I get $(1/n)(1)(-1^n)$

which is convergent according to the alternating series test which is the answer.

I just don't understand when I have

$(1/n)(\frac{2^n}{-2^n}) (1^n)$

how I don't get the same answer, because I get

$(1/n)(-1) (1^n)$

which is different from

$(1/n)(-1^n)$

why would it matter if you take the negative sign with the denominator or the numerator?

 

[Rijad Hadzic]

Or if I'm here

$\sum_{n=1}^\infty (1/n)(2^n)(\frac {-1}{2})^n$

then go

$\sum_{n=1}^\infty (1/n)(2^n)(\frac {-1^n}{2^n})$

and multiply straight out

$\sum_{n=1}^\infty (1/n)(\frac {(2^n)(-1^n)}{2^n})$

I get $\sum_{n=1}^\infty (1/n)(-1)^n$ which is convergent.

I just don't understand why I can't go from $(1/2)^n$ to $(1^n) * (1/2^n)$

for example, if I go from

$\sum_{n=1}^\infty (1/n)(\frac {(2^n)(1^n)}{-2^n})$

to

$\sum_{n=1}^\infty (1/n)(-(1^n))$

I get a completely different answer.

One alternates from negative to positive, the other is negative all the time...
How am I suppose to know if the negative is on the bottom or top??

 

[scottdave]

Homework Statement

I have series

$\sum_{n=1}^\infty (1/n)(2^n)(-1/2)^n$

Homework Equations

The Attempt at a Solution

So trying to do the solution

$(1/n)(2^n)(-\frac {1^n}{2^n})$

since 1^n is going to be one for all values of n, can I say,

$(1/n)(2^n)(-\frac {1}{2^n})$

then

$(1/n)(\frac{2^n}{-2^n})$

then that gives me
$(1/n)(-1)$

and I know 1/n is divergent...
why would it matter if you take the negative sign with the denominator or the numerator?

Your problem comes from assuming that $\frac {2^n} {-2^n}$ will cancel out to be -1 for all values of n.
When n is even, the denominator is positive, so you have 1, and when n is odd you do get -1, so it alternates between 1 and -1.

 

[Rijad Hadzic]

Your problem comes from assuming that $\frac {2^n} {-2^n}$ will cancel out to be -1 for all values of n.
When n is even, the denominator is positive, so you have 1, and when n is odd you do get -1, so it alternates between 1 and -1.

Thanks a lot bro.

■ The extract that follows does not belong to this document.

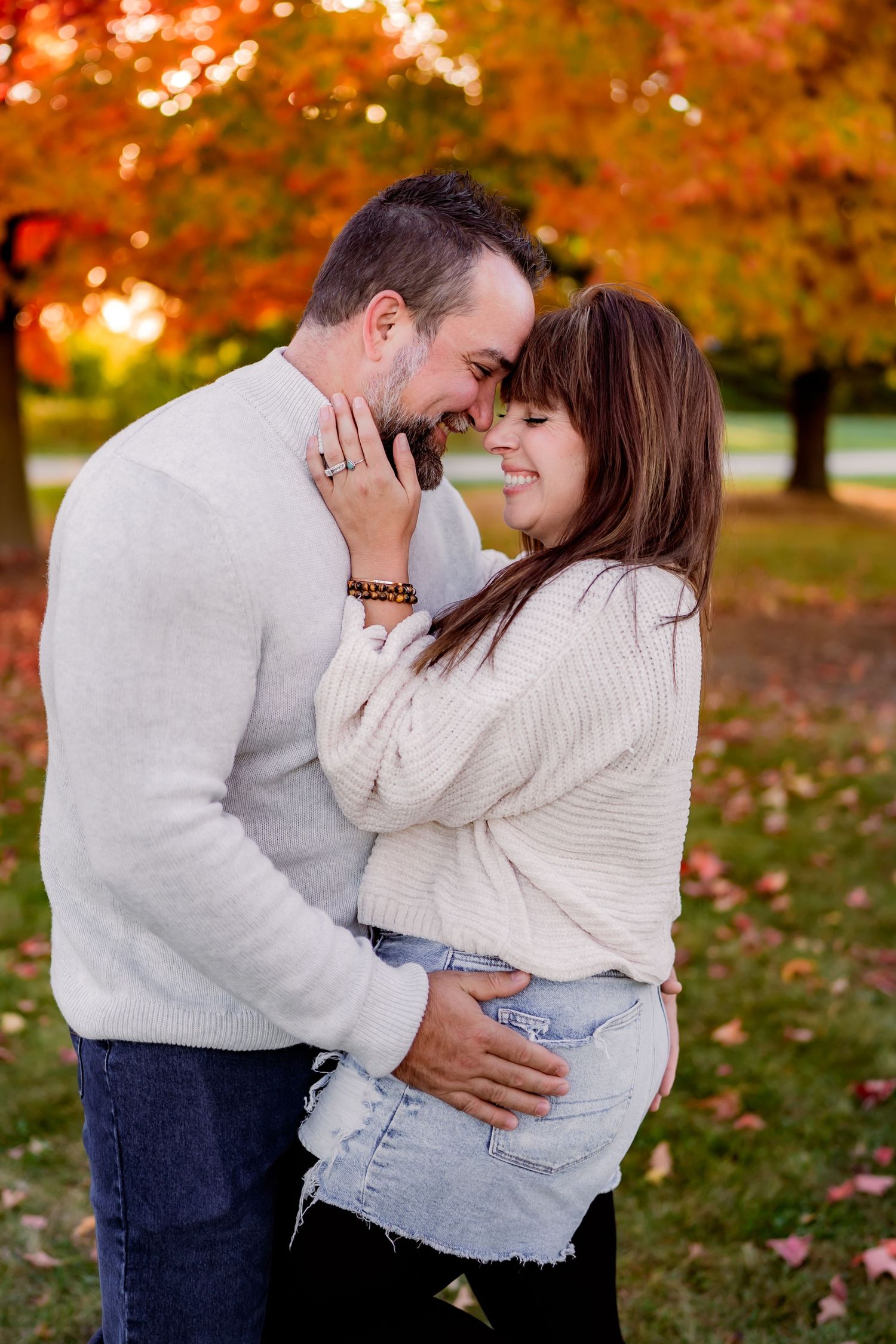A romantic couple embraces outdoors during autumn with vibrant orange fall foliage in the background.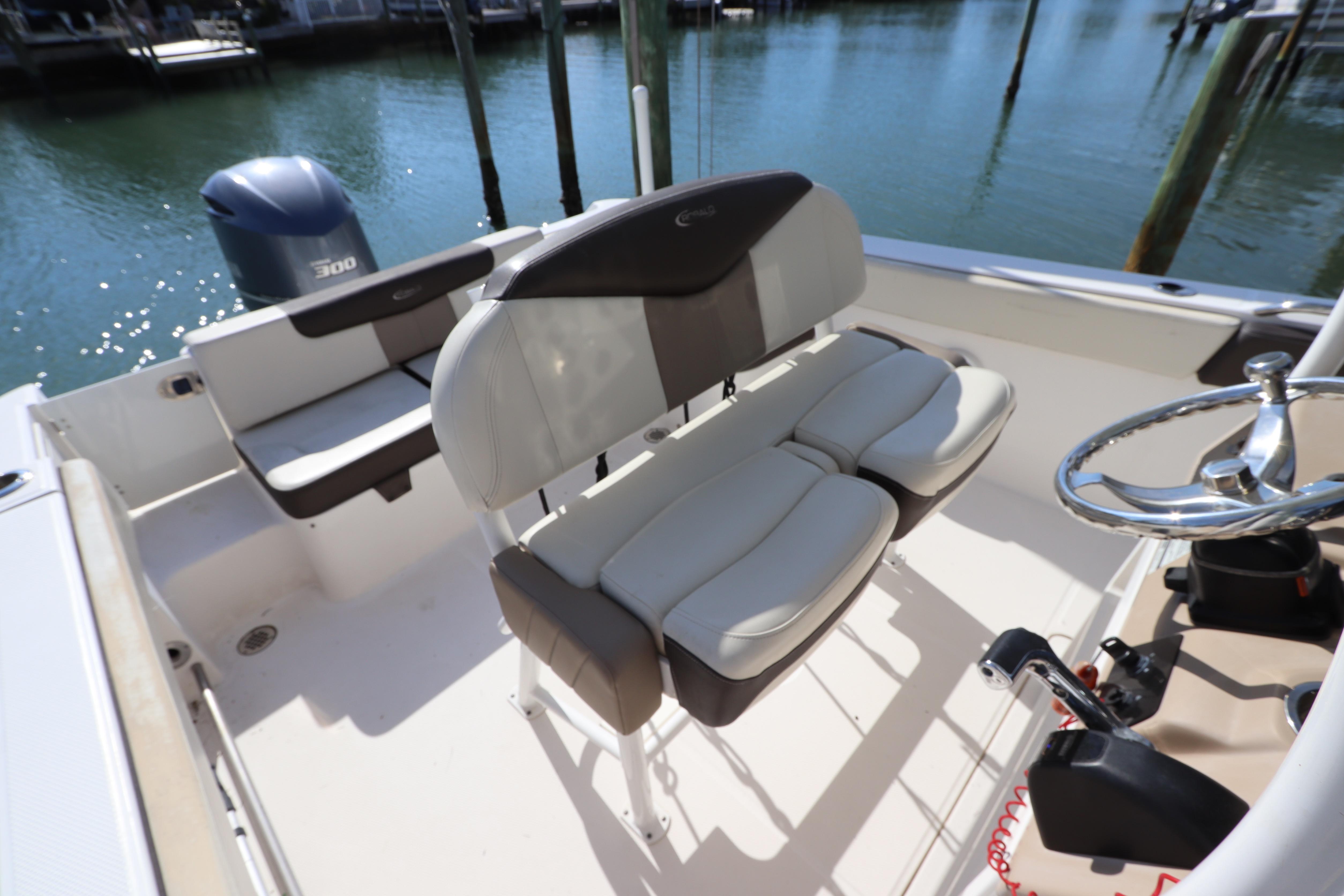 2019 Robalo R242 Center Console boat interior with seating and steering wheel.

That makes so much sense.

 

[scottdave]

Just take care to watch the parentheses.

 

[Mark44]

Homework Statement

I have series

$\sum_{n=1}^\infty (1/n)(2^n)(-1/2)^n$

You're making this harder than it needs to be. $2^n(-1/2)^2 = 2^n(1/2)^n(-1)^n = (-1)^n$.
I'm using the fact that $(ab)^n = a^n b^n$ to write $(-1/2)^2$ as $(-1)^n$ times $(1/2)^n$.

 

[jishnu]

Could someone please explain me what is this [itex] written almost every where in this question, because of that I am unable to understand the question

 

[Mark44]

Could someone please explain me what is this [itex] written almost every where in this question, because of that I am unable to understand the question

These are LaTeX tags. Under ordinary circumstances, you shouldn't be seeing them, as the browser uses them to display mathematics symbols.

See our LaTeX tutorial here -- https://www.physicsforums.com/help/latexhelp/

 

[jishnu]

These are LaTeX tags. Under ordinary circumstances, you shouldn't be seeing them, as the browser uses them to display mathematics symbols.

See our LaTeX tutorial here -- https://www.physicsforums.com/help/latexhelp/

Thanks for the assistance, this seems a bit complicated for a beginner like me but hoping to cop up with new language (for me) soon... :)